Recent developments in large-scale language models have showcased their remarkable ability to tackle a wide array of tasks using a single model. However, a significant challenge lies in comprehending their internal workings, particularly as scaling these models up also raises the bar for interpretability.
In a new paper titled “Neurons in Large Language Models: Dead, N-gram, Positional,” a research team from Meta AI and the Universitat Politècnica de Catalunya embarks on a comprehensive analysis of a family of Open Pre-trained Transformer Language Models (OPT) with parameters ranging up to 66 billion. Their goal is to shed light on how the feed-forward network (FFN) layers function within these models.

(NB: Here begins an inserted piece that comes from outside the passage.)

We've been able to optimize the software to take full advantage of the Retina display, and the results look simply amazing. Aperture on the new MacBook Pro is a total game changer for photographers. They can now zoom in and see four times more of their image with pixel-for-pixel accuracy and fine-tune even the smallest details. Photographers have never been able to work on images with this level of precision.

The team places particular emphasis on the neurons housed within the FFNs. They contend that FFN neurons are more likely to represent meaningful features. The elementwise nonlinearity within these neurons disrupts rotational invariance, prompting features to align with the basis dimensions.

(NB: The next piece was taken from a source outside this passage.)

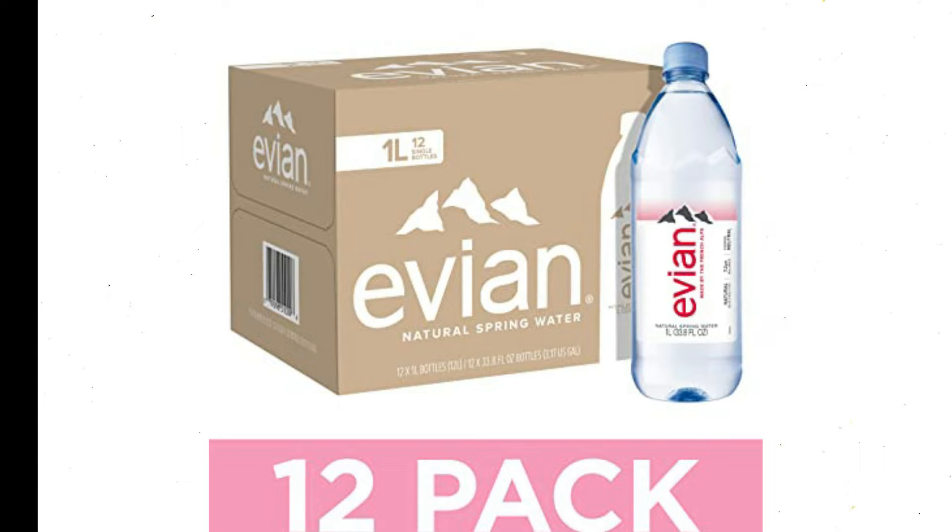Evian Natural Spring Water — naturally filtered spring water in large bottles, 33.81 fluid ounces, pack of 12.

Essentially, when an FFN neuron is activated, it updates the residual stream by extracting the corresponding row from the second FFN layer. Conversely, when it remains inactive, it has no impact on the residual stream. Armed with these insights, the researchers can decipher the functions of these FFN neurons by understanding when they activate and interpreting the associated updates made to the residual stream.

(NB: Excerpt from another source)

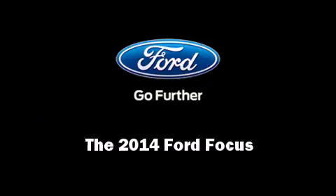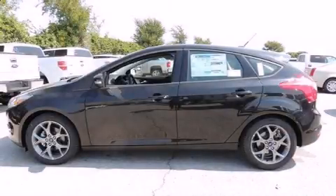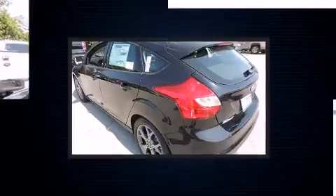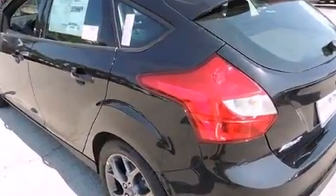Introducing the 2014 Ford Focus. Smooth gear shifts are achieved thanks to the 2-liter 4-cylinder engine, and for added security, Dynamic Stability Control supplements the drivetrain.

Their initial observations reveal that a significant portion of neurons never activate across diverse datasets. An analysis of neuron activation frequencies underscores the substantial prevalence of dormant neurons. For instance, in the 66 billion parameter model, some layers exhibit a proportion of dead neurons exceeding 70%.
Subsequently, delving deeper into the patterns embedded in the lower half of the models, the researchers investigate how neuron activations correlate with input n-grams. Their findings indicate that in larger models, neurons are covered by fewer n-grams, aligning with the hypothesis that the model allocates discreet shallow patterns to specifically designated neurons.
Furthermore, the researchers identify certain neurons responsible for encoding positional information, irrespective of textual patterns. This discovery suggests that FFN layers can be employed by the model in ways that extend beyond the conventional key-value memory perspective.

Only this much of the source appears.